Exhibit 99.8

September 22, 2004

The Connecticut Light and Power Company
107 Selden Street
Berlin, CT 06037


     Re:       The Connecticut Light and Power Company
               First and Refunding Mortgage Bonds

Ladies and Gentlemen:

             I am Assistant General Counsel of Northeast Utilities
Service Company ("NUSCO"),a service company affiliate of The Connecticut
Light and Power Company (the "Company"), and have acted as counsel to
the Company in connection with the issuance and sale to the public of
$150,000,000 aggregate principal amount of its 4.80% First and Refunding
Mortgage Bonds, 2004 Series A, Due 2014 ("Series A Bonds") and
$130,000,000 aggregate principal amount of its 5.75% First and Refunding
Mortgage Bonds, 2004 Series B, Due 2034 ("Series B Bonds"; together with
Series A Bonds, the "Bonds") pursuant to an Underwriting Agreement dated
September 13, 2004 between CL&P and Barclays Capital Inc. and J.P.
Morgan Securities Inc., as representatives of the several underwriters
named therein.  The Bonds were issued pursuant to an Indenture of
Mortgage and Deed of Trust (the "Indenture"), dated as of May 21, 1921,
between the Company and Deutsche Bank Trust Company Americas (formerly
known as Bankers Trust Company), as Trustee, as amended and
supplemented.  The Company has registered $880 million of its first and
refunding mortgage bonds with the Securities and Exchange Commission
under the Securities Act of 1933, as amended (the "Act") pursuant to a
registration statement on Form S-3 (File No. 333-118276, the
"Registration Statement").  The Bonds were issued under the Registration
Statement on September 17, 2004.

     I have examined originals, or copies certified to my satisfaction,
of such corporate records of the Company, certificates of public
officials, certificates of officers and representatives of the Company
and other documents as I have deemed necessary as a basis for the
opinions hereinafter expressed.  In my examination I have assumed the
genuineness of all signatures and the authenticity of all documents
submitted to me as originals and the conformity with the originals of
all documents submitted to me as copies.  As to various questions of
fact material to such opinions, I have, when relevant facts were not
independently established, relied upon certifications by officers of the
Company and other appropriate persons and statements contained in the
Registration Statement.

     Based on the foregoing, and having regard to legal considerations
which I deem relevant, I am of the opinion that the Bonds are legally
issued, fully paid non-assessable and valid and binding obligations of
the Company, enforceable against the Company in accordance with their
terms.

     The opinions set forth herein are subject to the following further
assumptions, qualifications, limitations and exceptions:

     A.   I express no opinion regarding the effectiveness of any waiver
in respect of the Bonds of any rights of any party, or duties owing to
it, as a matter of law, or that is broadly stated or does not describe
the right or duty purportedly waived with reasonable specificity.

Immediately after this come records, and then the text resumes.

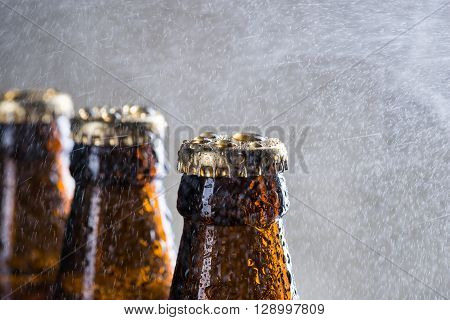 Ice Cold Beer Bottles With Drops Of Dew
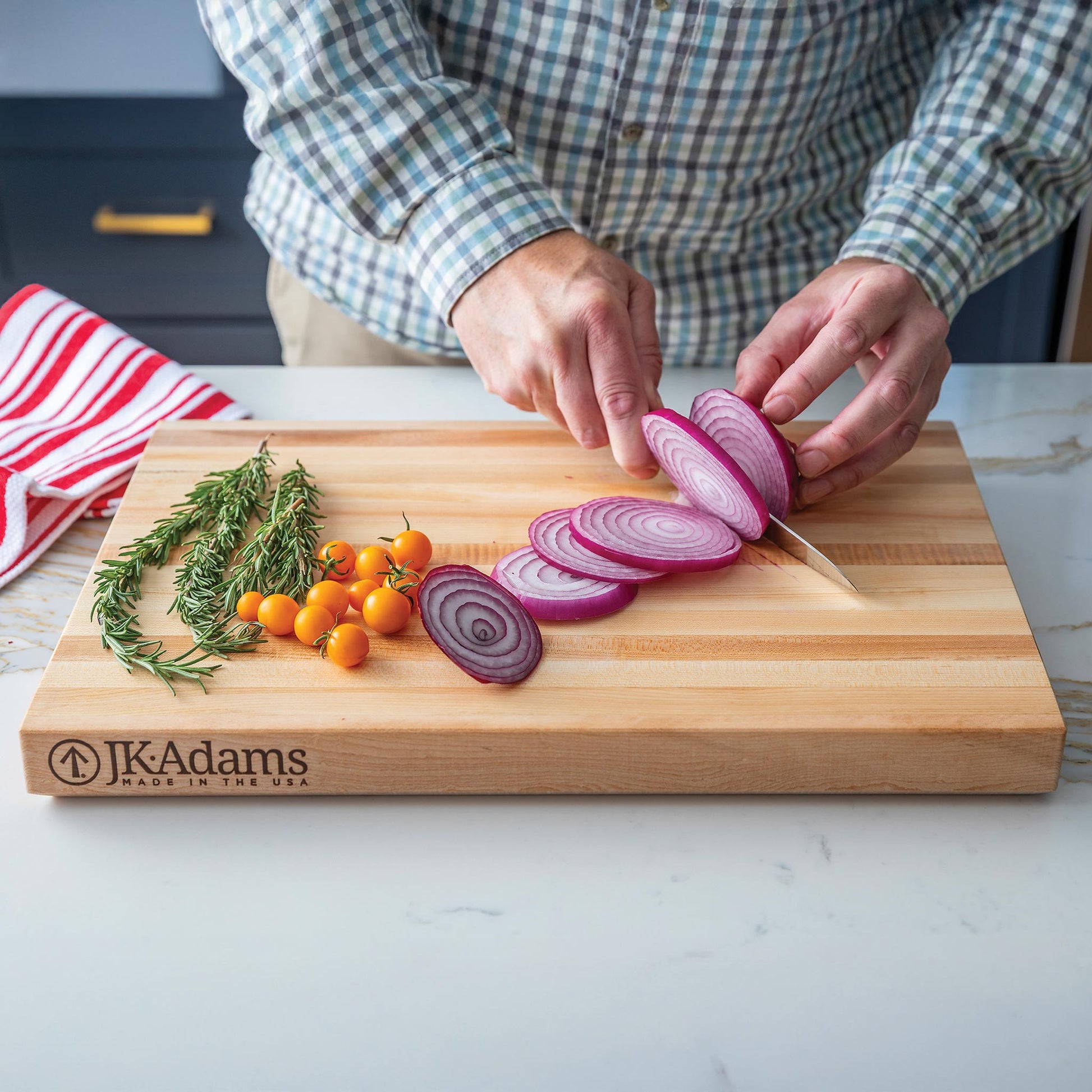 JK Adams Professional Edge Cutting board with sliced onions, tomatoes, and rosemary.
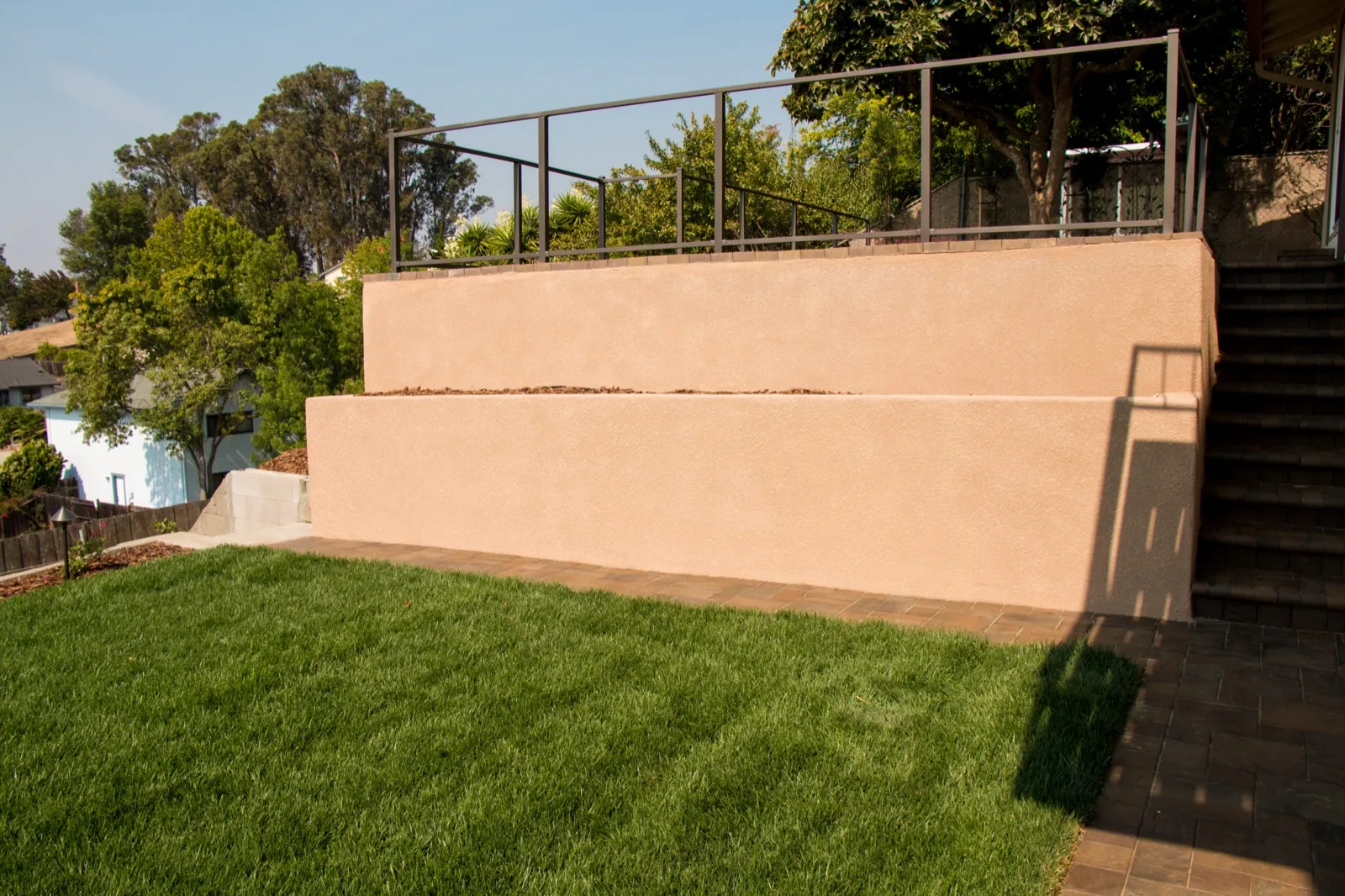 After — Aging block wall → tiered stucco walls and a level lawn in Benicia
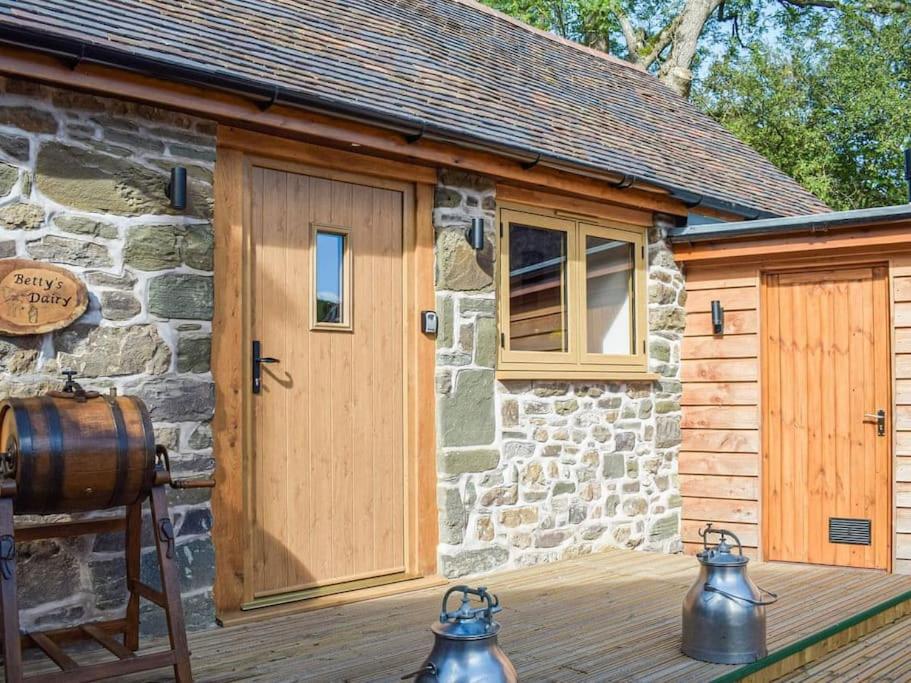 a stone cottage with a wooden door and a barrel at Stunning cottage nestled under the Longmynd Hills. in Church Stretton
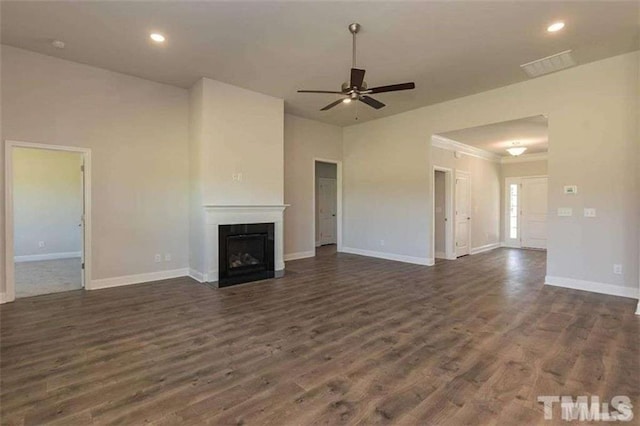 251 Eason St, Bowdon, GA 30108 - unfurnished living room featuring baseboards, a ceiling fan, dark wood finished floors, a fireplace, and recessed lighting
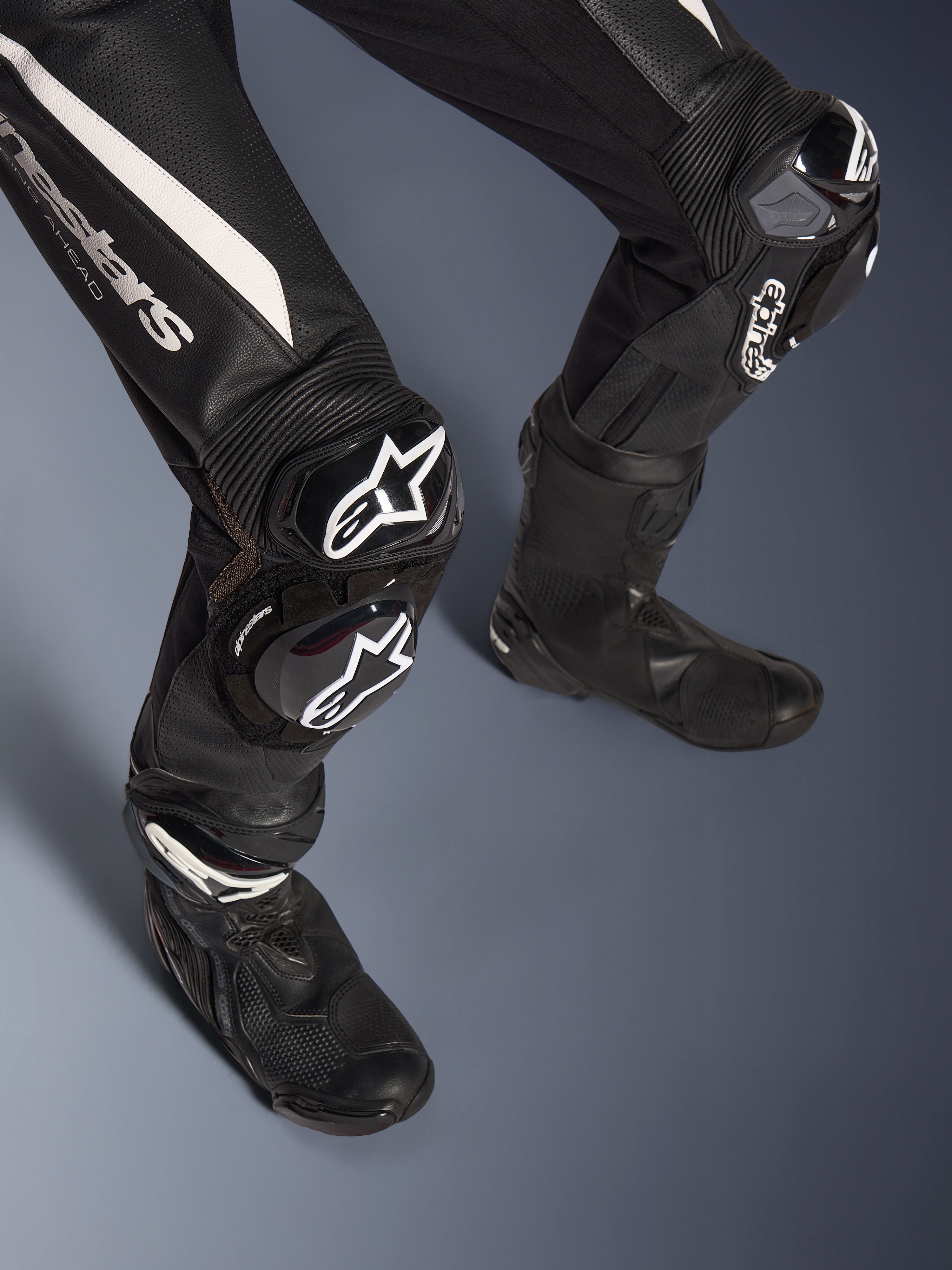Detail van de benen van het Alpinestars Stella GP-R7 2-delig leren pak, zwart met witte accenten, voorzien van GP DFS RR kniebescherming en sliders met Alpinestars-branding, gecombineerd met zwarte racelaarzen, ontworpen voor circuitprestaties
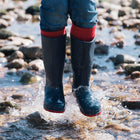 A person wearing 'Classic Wellies Navy' is jumping in a stream, creating a splash. Rocks surround the water and red socks show above the wellies.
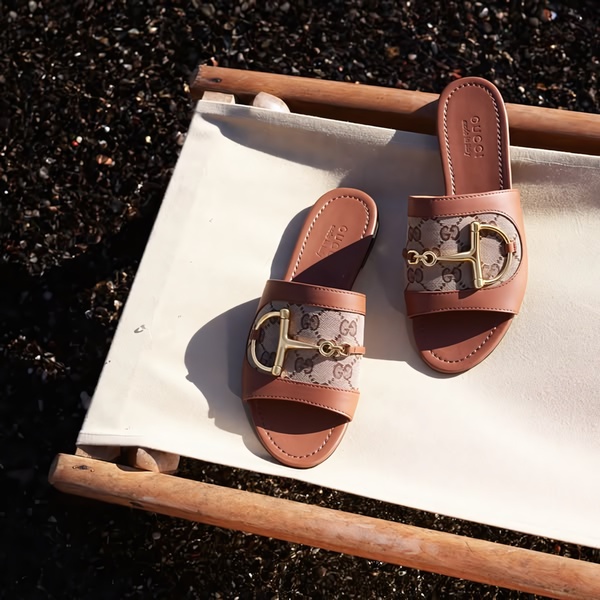 A high-end product hero shot displaying a pair of designer slide sandals resting on a clean canvas chair against a textured dark beach background.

     B.   My opinions set forth above are subject to the effect of (a)
applicable bankruptcy, reorganization, insolvency, moratorium and other
similar laws and court decisions of general application (including
without limitation statutory or other laws regarding fraudulent or
preferential transfers) relating to, limiting or affecting the
enforcement of creditors' rights generally, and (b) principles of equity
(regardless of whether enforcement is considered in proceedings at law
or in equity) that may limit the enforceability of any of the remedies,
covenants or other provisions of the Bonds or Indenture, or the
availability of injunctive relief or other equitable remedies or as such
principles relate to, limit or affect the enforcement of creditor's
rights generally.

     C.   In addition, I express no opinion as to any provisions of the
Bonds or the Indenture regarding the remedies available to any person
(1) to take action that is arbitrary, unreasonable or capricious or is
not taken in good faith or in a commercially reasonable manner, whether
or not such action is permitted under the Bonds or the Indenture, or (2)
for violation or breaches that are determined by a court to be non-
material or without substantially adverse effect upon the ability of the
Company to perform its material obligations under the Bonds or the
Indenture.

     D.   This opinion is limited to the current laws of the State of
New York, the current federal laws of the United States, and to the
limited extent set forth below, the current laws of the State of
Connecticut, and to the facts as they exist on the date hereof.  I am
not admitted to practice law in the State of Connecticut, but I am
generally familiar with the laws of such State and have made such
inquiries as I considered necessary to render my opinion.  I express no
opinion as to matters involving the laws of any jurisdiction other than
the States of New York and Connecticut and the United States.  I
undertake no obligation to advise you as a result of developments
occurring after the date hereof including changes in such laws or
interpretations thereof, or as a result of facts or circumstances
brought to my attention after the date hereof.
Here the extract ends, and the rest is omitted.